Son étoile s’est levée dès décembre dernier quand, fort de son accord sur le Brexit, il s’est mis en situation de faire le don de sa personne et de sa longue expérience à la France et à la droite LR. Neuf mois après, Michel Barnier est bel et bien lancé dans la candidature à la candidature LR et se prépare à participer à la primaire. Bien que derrière Bertrand et Pécresse, les sondages le donnent tout de même entre 8 et 13 %. Un score honorable et qui permet tous les espoirs. Michel Barnier, c’est le 3e homme du 3e homme. Au passage, ça se bouscule beaucoup, dans ce créneau 8-13 : Mélenchon, Jadot, Hidalgo, Zemmour et, donc, les 3 LR. En attente de décantation.
Jeudi et vendredi, les candidats ont été auditionnés par les députés LR lors de leurs journées parlementaires à Nîmes. L’occasion, pour Michel Barnier, de continuer son entreprise de séduction auprès des cadres du parti. D’après une enquête menée auprès des parlementaires citée par Le Monde, il est celui qui rassemble le plus de soutiens (41 députés), derrière Xavier Bertrand.
L’intéressé joue de sa stature consensuelle, de son expérience intérieure et européenne, de son gaullisme centriste, mais aussi de sa « différence » de style avec Macron. Pour Daniel Fasquelle, « il a l’allure d’un Président dont les Français seront fiers sur le perron de l’Élysée ». Jusqu’ici, tout va (à peu près) bien.
Mais il ne fait pas l’unanimité. Le Monde a recueilli des jugements peu amènes d’autres députés LR : l’intervention de Michel Barnier aurait été « poussive », « monotone » et « beaucoup ont regretté des références permanentes au passé et pas assez à l’avenir »“. Tout le charme d’une primaire. Ou d’une machine à perdre.
Mais l’événement Barnier, lors de ces journées, ce fut sa volte-face inattendue sur l’Union européenne qui a scandalisé le Landernau bruxellois. Imaginez l’ex-commissaire européen, au sujet de l’immigration, déclarer : « Il faut retrouver notre souveraineté juridique » et ne pas être « menacés en permanence d’un arrêt ou d’une condamnation de la Cour de justice européenne ou de la Convention des droits de l’homme, ou d’une interprétation de notre propre institution judiciaire ». Michel Barnier pris en pleine « zemmourisation ». Visiblement, l’éditorialiste impose ses thèmes dans la campagne LR. Pour Zemmour, c’est une crédibilisation supplémentaire. Pour Barnier…
Le Monde rapporte les réactions effarouchées du monde bruxellois.
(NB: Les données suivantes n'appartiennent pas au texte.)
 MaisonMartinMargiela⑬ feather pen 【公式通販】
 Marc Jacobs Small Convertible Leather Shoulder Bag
Notre ministre des Affaires européennes, le macroniste Clément Beaune : « Comment une telle phrase peut-elle avoir été prononcée par un Européen aussi engagé ? » « On est tous atterrés […] c’est un naufrage, un pacte faustien »“, déplore un haut fonctionnaire.
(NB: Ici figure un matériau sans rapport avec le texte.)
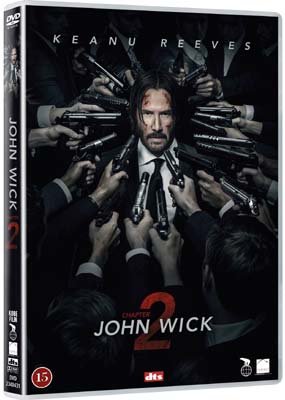 Cover for Keanu Reeves · John Wick - Chapter 2 (DVD) (2017)
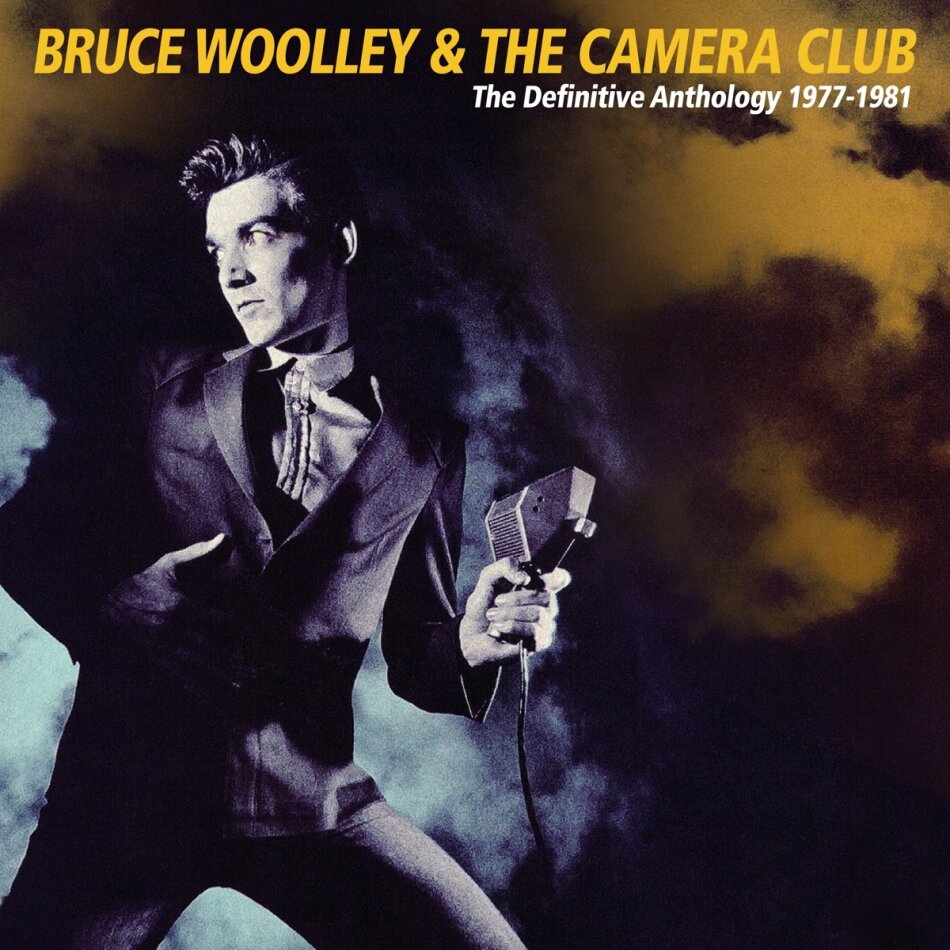 Bruce Woolley - Definitive Anthology 1978-1981 3 CDs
Mais c’est certainement le père du Brexit, le Britannique Nigel Farage, qui a eu le mot le plus juste : « Michel Barnier est le plus grand hypocrite de tous les temps. »
Une fois de plus, la droite LR, dans la plus pure tradition d’un Chirac ou d’un Sarkozy, est contrainte, sur les sujets de l’immigration et de l’Union européenne, aux retournements les plus improbables. Le temps d’une campagne ou d’une sous-campagne.